Copy out exactly the lines from the one containing "Wibrator analny Eclipse" to the end of the records below, both included, and nothing else.

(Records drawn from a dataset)
--- START ---

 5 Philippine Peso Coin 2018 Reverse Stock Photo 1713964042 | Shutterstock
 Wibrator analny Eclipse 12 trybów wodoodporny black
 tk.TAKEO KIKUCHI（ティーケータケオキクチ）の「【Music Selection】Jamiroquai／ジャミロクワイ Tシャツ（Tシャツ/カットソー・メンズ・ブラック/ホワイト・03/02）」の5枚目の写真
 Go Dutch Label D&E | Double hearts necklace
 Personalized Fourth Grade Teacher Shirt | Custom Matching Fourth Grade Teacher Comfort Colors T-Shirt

--- END ---

RESPONSE.
 Wibrator analny Eclipse 12 trybów wodoodporny black
 tk.TAKEO KIKUCHI（ティーケータケオキクチ）の「【Music Selection】Jamiroquai／ジャミロクワイ Tシャツ（Tシャツ/カットソー・メンズ・ブラック/ホワイト・03/02）」の5枚目の写真
 Go Dutch Label D&E | Double hearts necklace
 Personalized Fourth Grade Teacher Shirt | Custom Matching Fourth Grade Teacher Comfort Colors T-Shirt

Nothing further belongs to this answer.